As long as there’s been a border between the U.S. and Mexico, there have been people crossing it illegally. In modern times there has always been a semi-invisible underclass of people willing to work for wages you wouldn’t accept, doing work you wouldn’t dream of doing, while enjoying virtually none of the benefits you take for granted.
Their work helps keep your consumer prices down. We like low prices. The truth is that the United States has always been happy, in a wink-wink sort of way, to exploit those willing to endure what Americans would never endure, because even at our worst we’re better than their former nation’s best. Sort of an economic win-win.
But oh, how times have changed. President Donald Trump has drawn his line in the sand. He is convinced that a physical wall is needed along most (and maybe all, depending on the day) of the U.S. border. He says this will go a long way to stop immigrant criminals, foreign terrorists and illegal drugs from entering the U.S. He is so convinced of the rightness of his cause that on December 11 he said on live television, “I am proud to shut down the government for border security.”
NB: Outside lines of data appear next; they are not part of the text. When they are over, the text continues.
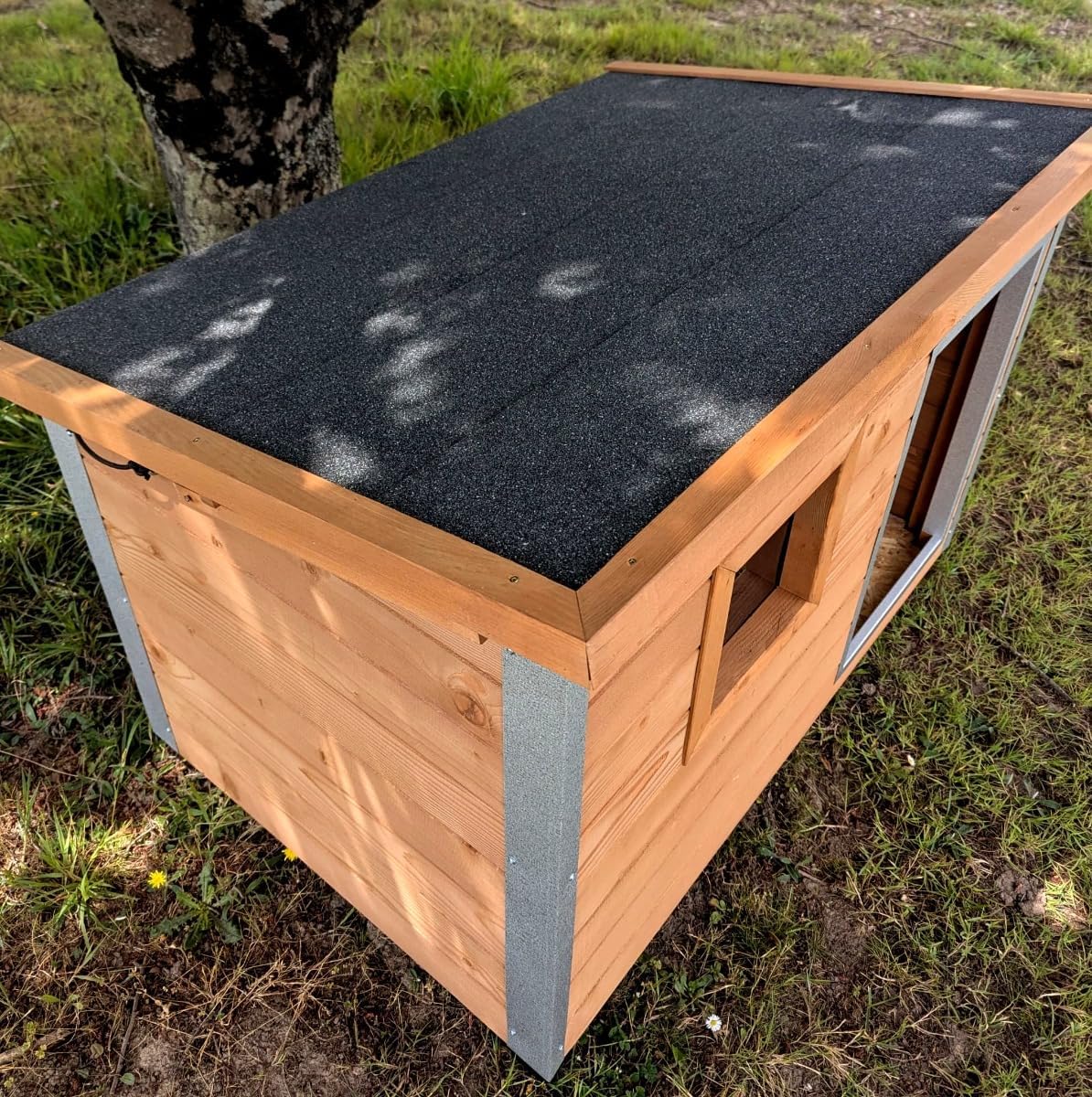Close-up top view of the shingle roof on the Animal Valley Rocky 3 Dog Kennel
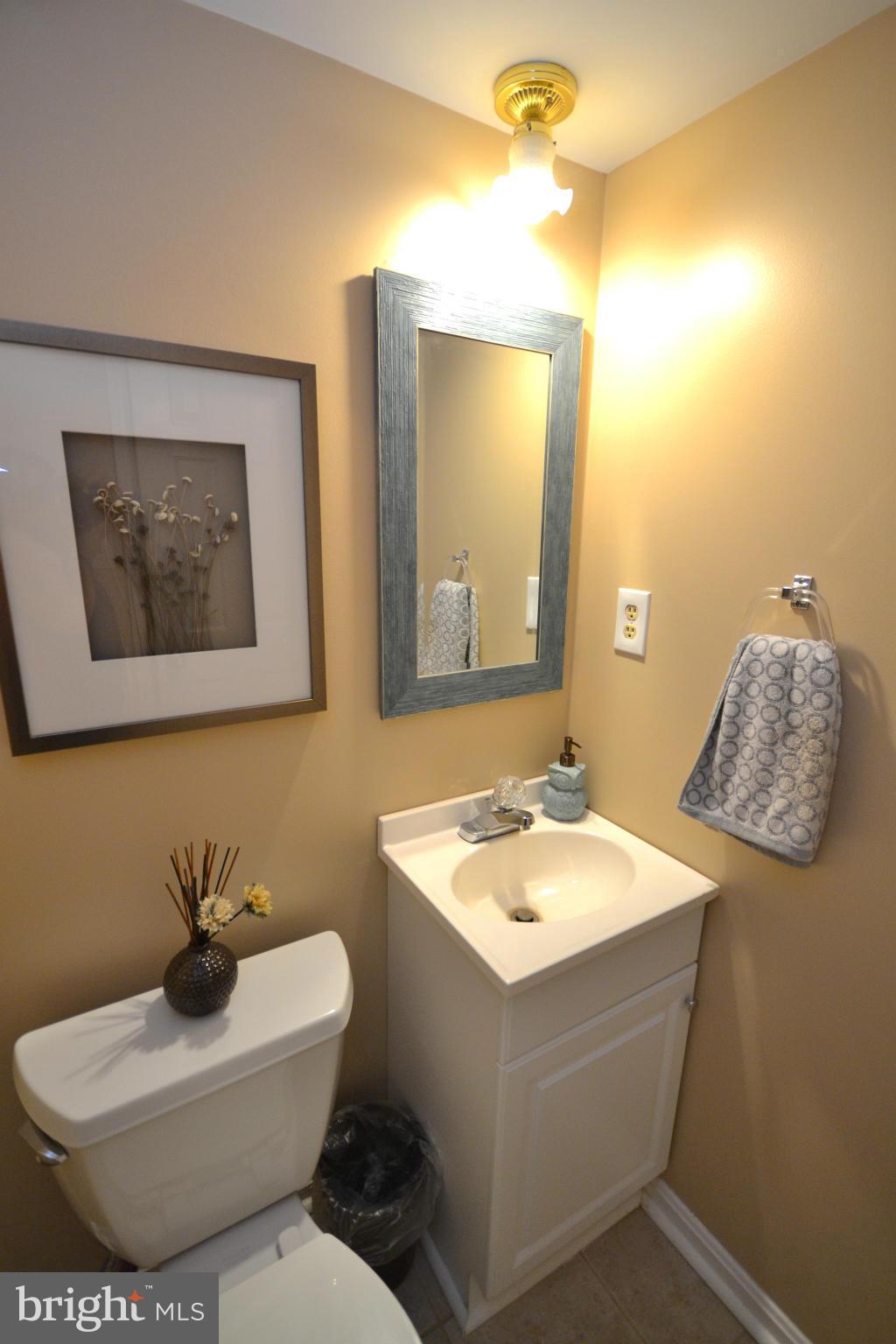 7031 Kelly Road Warrenton, VA 20187 - Photo 22 of 30 Bath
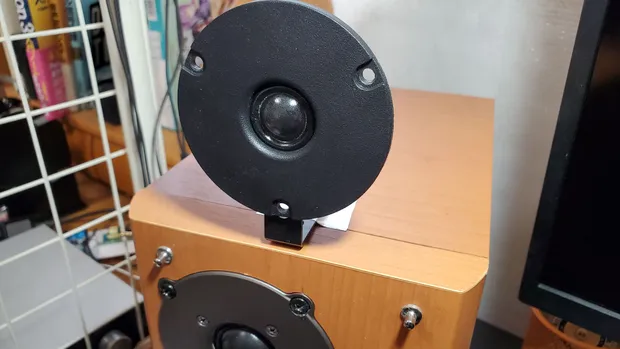 ジャンクスピーカーの上にスーパーツイーターを仮置きした様子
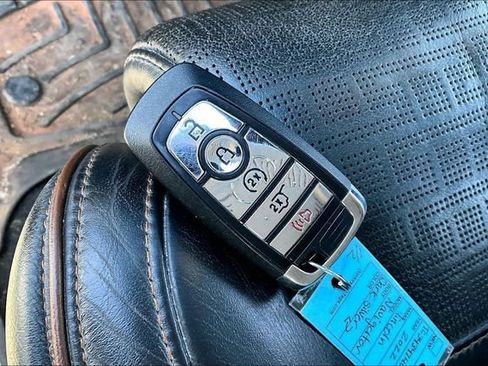 Used 2022 Lincoln Navigator Black Label image 11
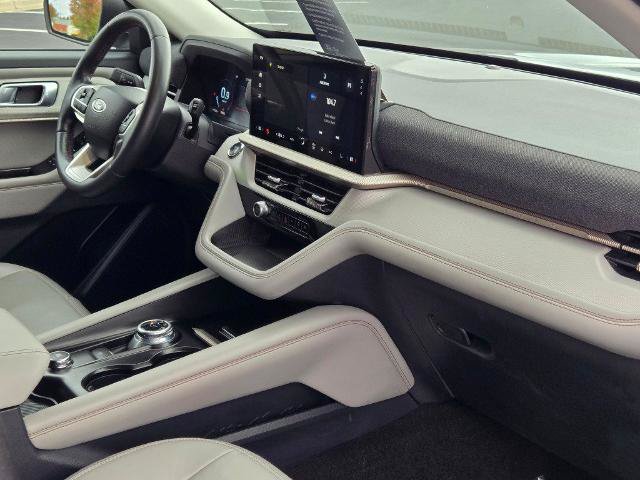 Certified 2025 Ford Explorer Active w/ Active Comfort Package AWD/4WD image 8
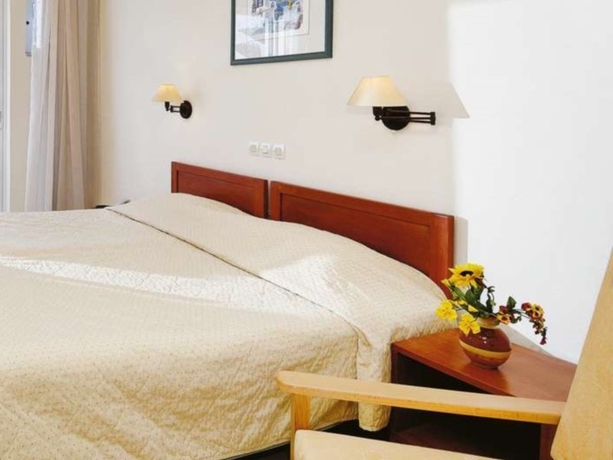 Imagen general del Hotel Bali Beach & Sofia Village. Foto 7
Meanwhile, basic realities—we used to call them facts—are ignored: Individuals on the terrorist watch list tend to attempt entry to the U.S. through airports. Illegal drugs most commonly arrive as harbor freight, or are smuggled through legal U.S. entry points. The majority of people living illegally in the U.S. entered with legal visas and overstayed their visits. The crime rate among illegal residents is lower than the crime rate among U.S. citizens.
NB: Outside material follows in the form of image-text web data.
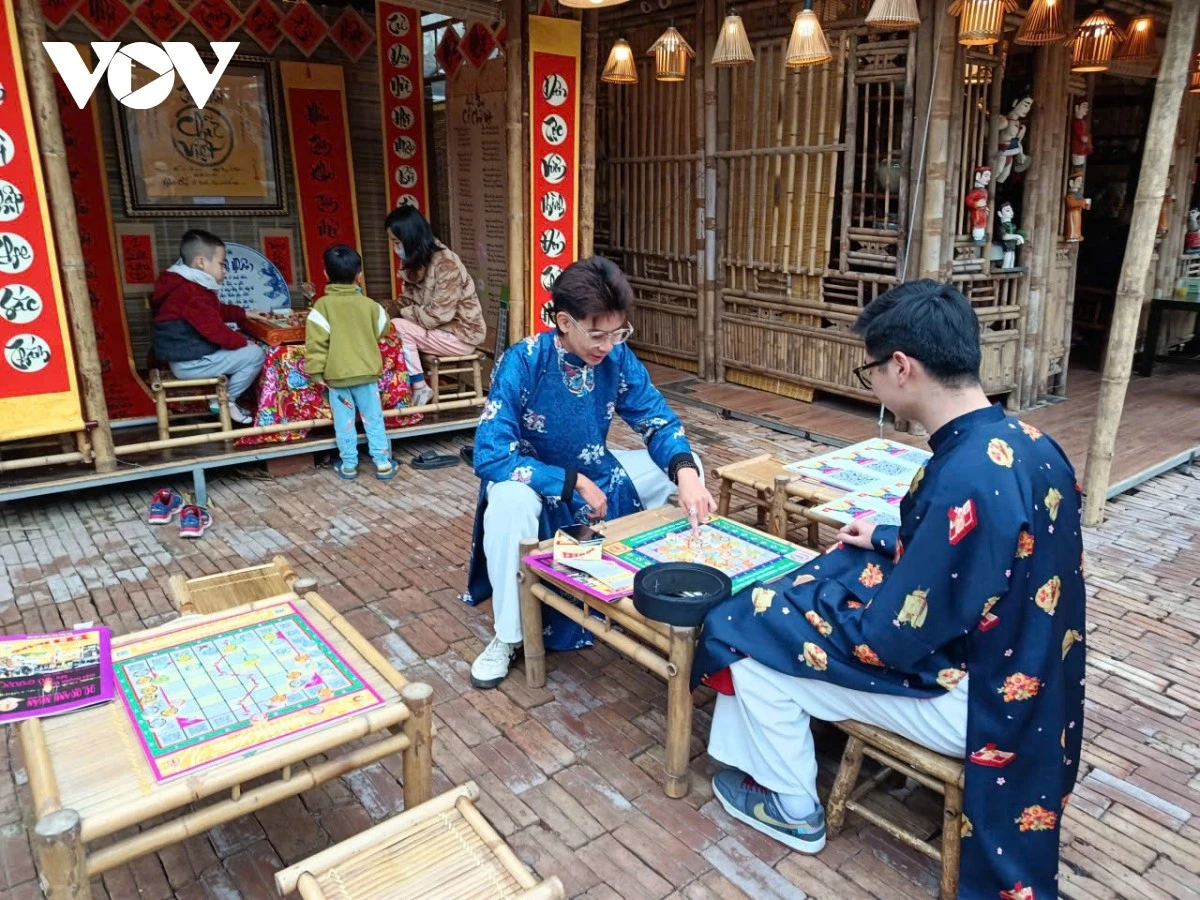 Trần Xuân Thành, sinh viên Học viện Công nghệ Bưu chính Viễn thông, cùng bạn tham gia Ngày hội Việt phục và các trò chơi dân gian tại phố Quốc Tử Giám (Hà Nội).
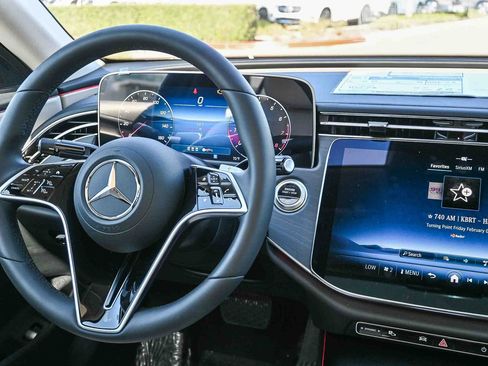 New 2024 Mercedes-Benz E 350 4MATIC Sedan image 18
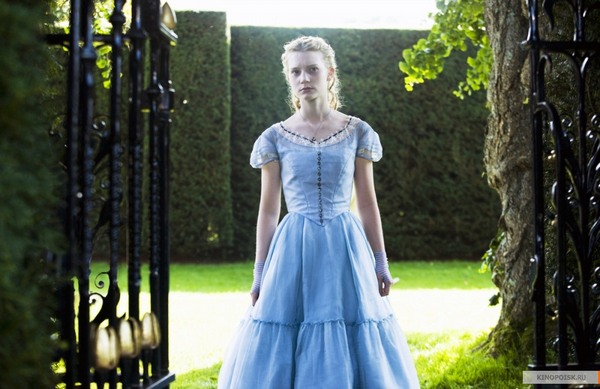 «Алиса в Стране чудес». Кадр из фильма. Фото с сайта kinopoisk.ru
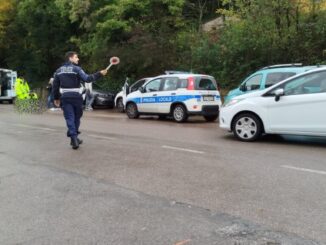 Pedone investito a Perugia, traffico in tilt su via Settevalli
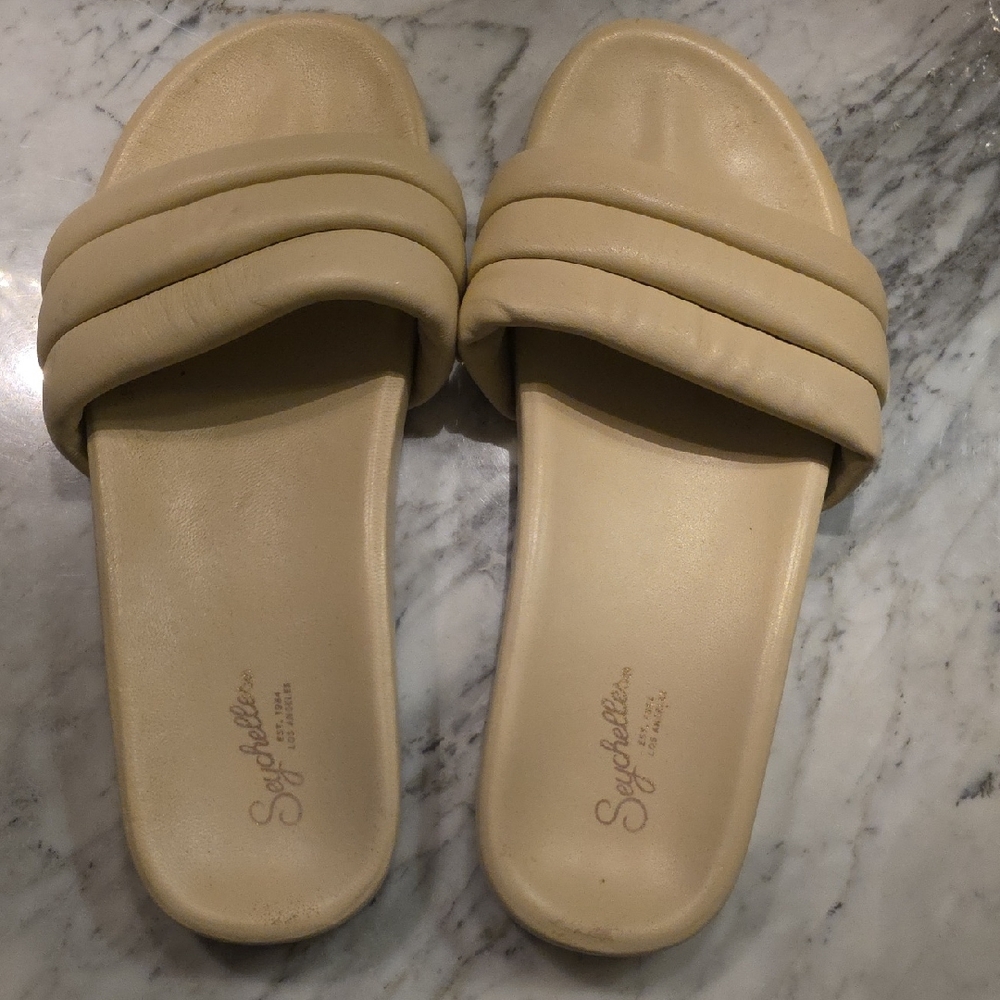 Seychelles Cream Quilted Sandals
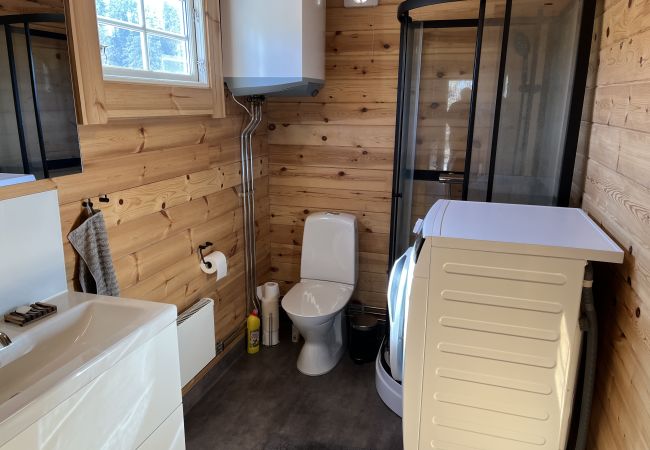 Ferienhaus in Vena - Neu gebautes Blockhaus mit Sauna auf einem Seegrundstück außerhalb von Hultsfred | SE05086 Ferienhaus in Vena - Neu gebautes Blockhaus mit Sauna auf einem Seegrundstück außerhalb von Hultsfred | SE05086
So while I applaud the president’s concern over the victims of crime caused by illegal residents, I’ll be even more impressed when he becomes equally infuriated at the crime we suffer at the hands of our fellow Americans.
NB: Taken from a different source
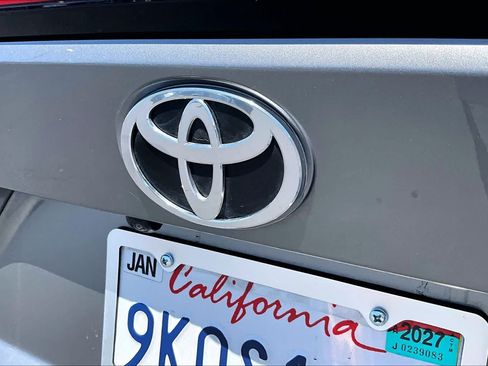 Used 2023 Toyota bZ4X FWD image 30
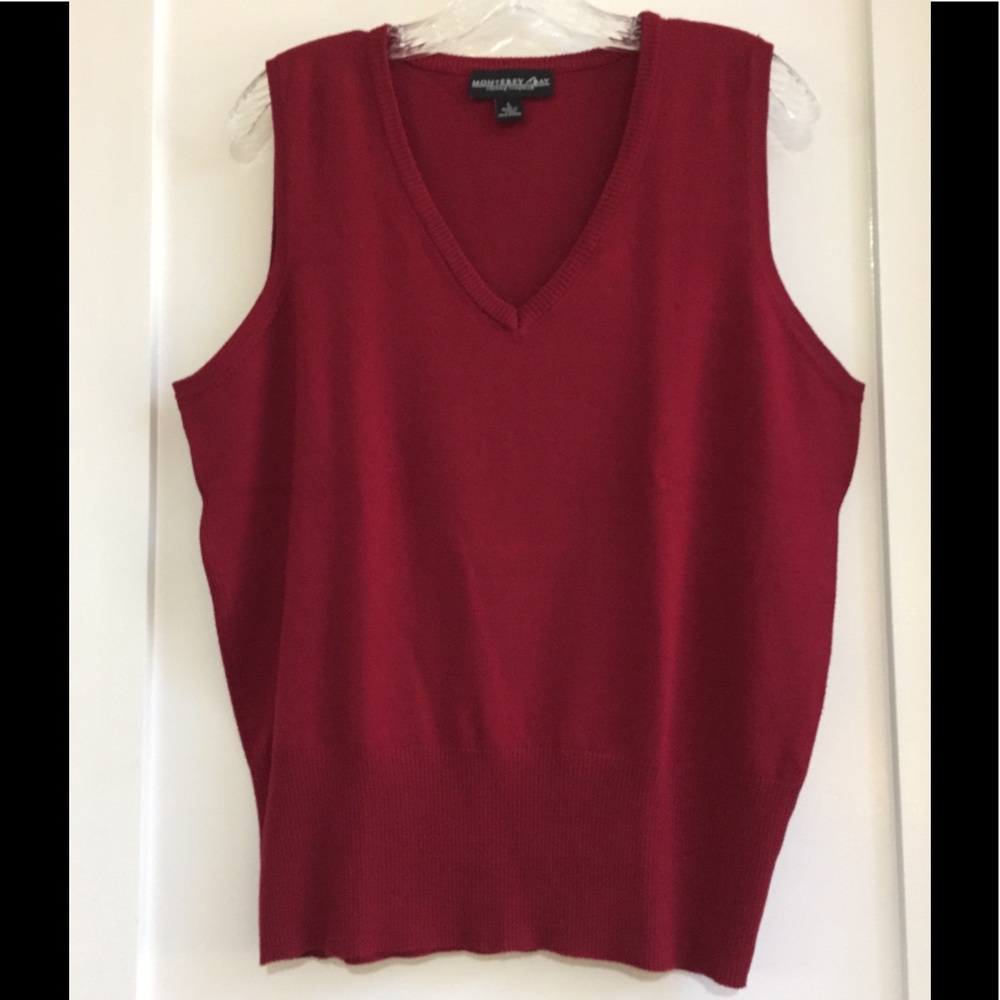 Women’s Burgundy Classic V-Neck Vest  L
But back to the border, where a swelling tide of human misery is crashing against our southern gates in increasing waves. Perhaps a wall is the best southern border solution. But perhaps it’s not.
This is, after all, the 21st century. Surveillance cameras are cheap. Motion sensors work. Lights illuminate. Drones fly. All this tech is already in use along large portions of the border. It’s one reason why illegal border crossing arrests are at the lowest rate in 40 years.
To me, it’s all about the tax Benjamins. Right now about a third of our border is already walled or fenced. That leaves about 1,300 miles to go, at a government-estimated cost of $24 million per mile. So Trump’s call for $5.7 billion is only going to cover a few hundred miles anyway.
Meanwhile, Democrats say they also want improved border security, but that the wall is an immoral waste of money. Of course, a few years back Democrats advocated for more border walls, which makes them look pretty ridiculous in the current stalemate.
Imagine that, stupidity on both sides.
Personally, I’m all for a debate to find the most cost-effective way to effectively and humanely control our borders. But so far there’s only one suggestion on the table — Mr. Trump’s. I’d like to see some others. And then I’d like to see the grown-ups in Washington (if there are any left) explore the issue, reach bi-partisan conclusions and get on with it.
Such a debate would be in the best interest of America, but might take a few days or even weeks. The president can say he’s proud of the shutdown, but I’d be a lot prouder of both the White House and Congress if they’d just sit down and discuss it, without the all-or-nothing posturing on both sides. And holding 800,000 federal workers hostage while that debate happens? Rubbish. Absolute rubbish.